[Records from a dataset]
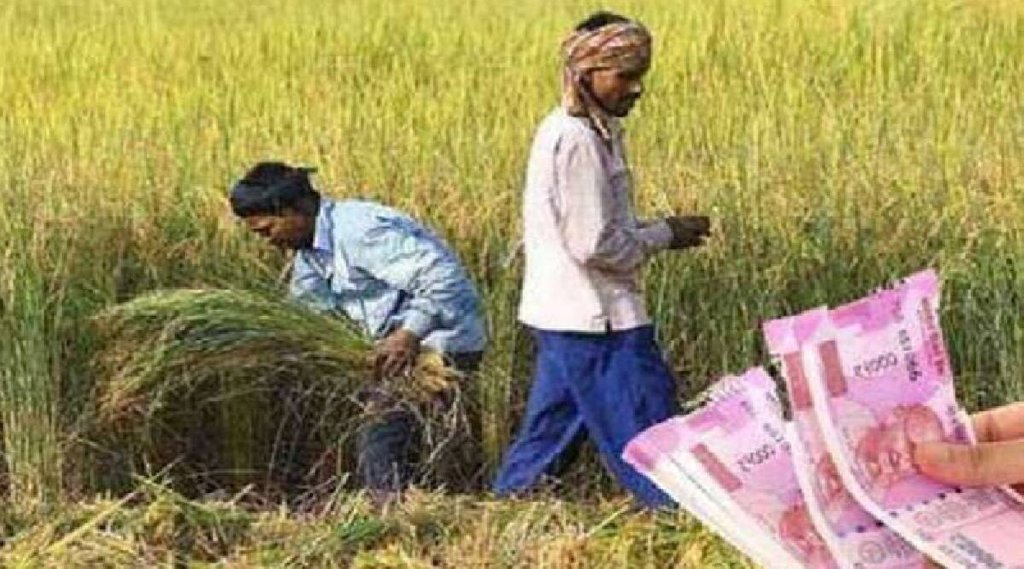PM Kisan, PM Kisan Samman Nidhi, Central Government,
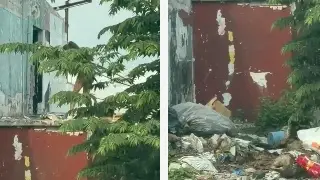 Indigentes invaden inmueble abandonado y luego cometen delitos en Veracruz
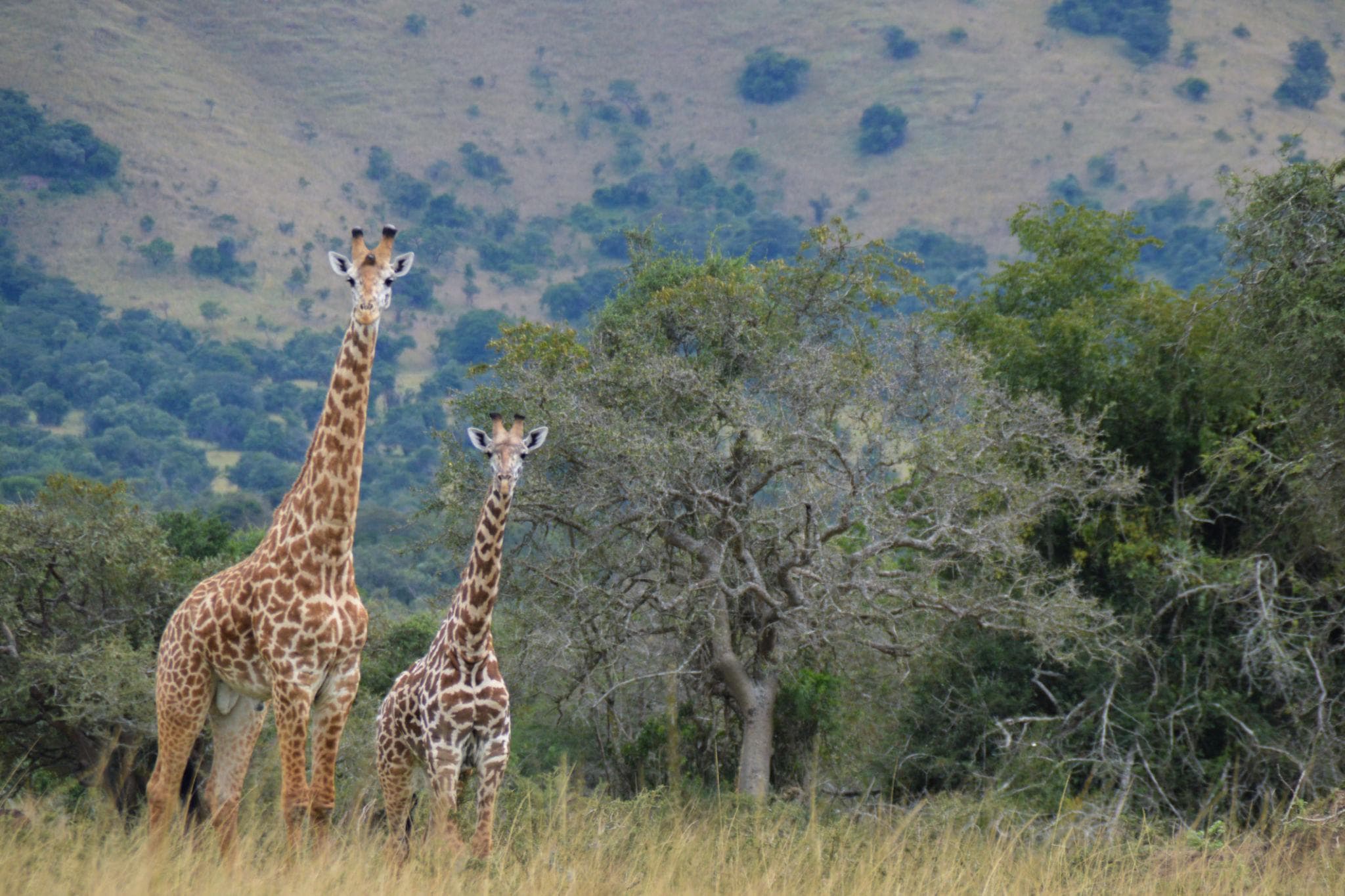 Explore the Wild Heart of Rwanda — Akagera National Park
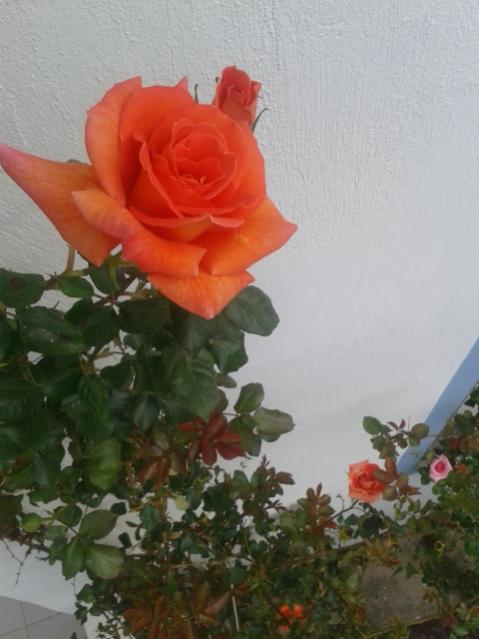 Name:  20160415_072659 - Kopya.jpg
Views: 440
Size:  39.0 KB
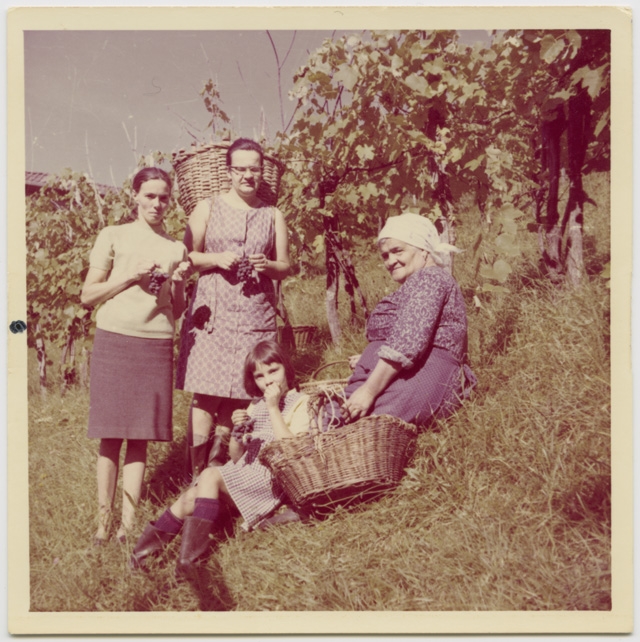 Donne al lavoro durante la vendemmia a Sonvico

PROBLEM TO WORK ON → Could you retype every record exactly, leaving the pictures out?

ANSWER TO THE EXERCISE →
PM Kisan, PM Kisan Samman Nidhi, Central Government,
 Indigentes invaden inmueble abandonado y luego cometen delitos en Veracruz
 Explore the Wild Heart of Rwanda — Akagera National Park
 Name:  20160415_072659 - Kopya.jpg
Views: 440
Size:  39.0 KB
 Donne al lavoro durante la vendemmia a Sonvico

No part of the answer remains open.